Akcja prowadzona jest równolegle przez Związek Zawodowy Pracowników Przemysłu Miedziowego, kontrolowany przez posła SLD Ryszarda Zbrzyznego oraz „Solidarność”, którą kieruje w KGHM Józef Czyczerski, członek Rady Nadzorczej. Postulaty ZZPPM to m.in. podwyżka wynagrodzeń o 300 zł (dziś średnia płaca w KGHM to ponad 8 tys. zł zł) i 10 — letnie gwarancje zatrudnienia dla blisko 18,5 tysięcznej załogi w przypadku utraty kontroli skarbu państwa nad spółką. „S” chce utrzymania poziomu wynagrodzeń i gwarancji zatrudnienia aż na 20 lat.

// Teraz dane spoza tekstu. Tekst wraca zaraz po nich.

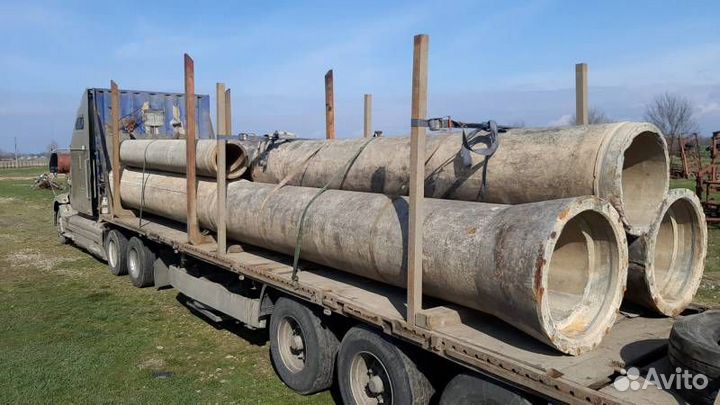 Труба железобетонная 700 длина 5 метров б/у на зае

Według związkowców prywatyzacja KGHM to realna obawa. Przypominają, że w styczniu rząd Donalda Tuska, obniżając z 40 do nieco ponad 30 proc. udział skarbu państwa w firmie sprzeniewierzył się obietnicom, składanym osobiście przez premiera w Lubinie w 2007 roku, w trakcie kampanii do parlamentu.
- Obawa pracowników KGHM i ich rodzin zmaterializowała się w pierwszej turze wyborów prezydenckich — zauważa Czyczerski. — Dwa miedziowe powiaty: lubiński i polkowicki, zagłosowały za Jarosławem Kaczyńskim. W pozostałych częściach Dolnego Śląska wygrywał Bronisław Komorowski. Szef „S” podkreśla, że niechęć zarządu do rozmów prowadzi wprost do strajku, którego związki wolałyby uniknąć. — Ale nawet negocjator wyznaczony przez ministra pracy dziwił się, że mamy tak słaby układ zbiorowy, bez gwarancji socjalnych w procesie prywatyzacji — podkreśla. Ile mogą kosztować spółkę związkowe postulaty? 300 — złotowa podwyżka dla każdego pracownika po uwzględnieniu podatku, ZUS itp. to blisko 180 mln zł rocznie w skali koncernu.
- Automatyczna podwyżka dla wszystkich nie ma nic wspólnego z oceną i efektywnością pracy pracownika – komentuje Ryszard Janeczek, wiceprezes ds. produkcji KGHM. — A w sytuacji gorszych warunków ekonomicznych może prowadzić do redukcji zatrudnienia.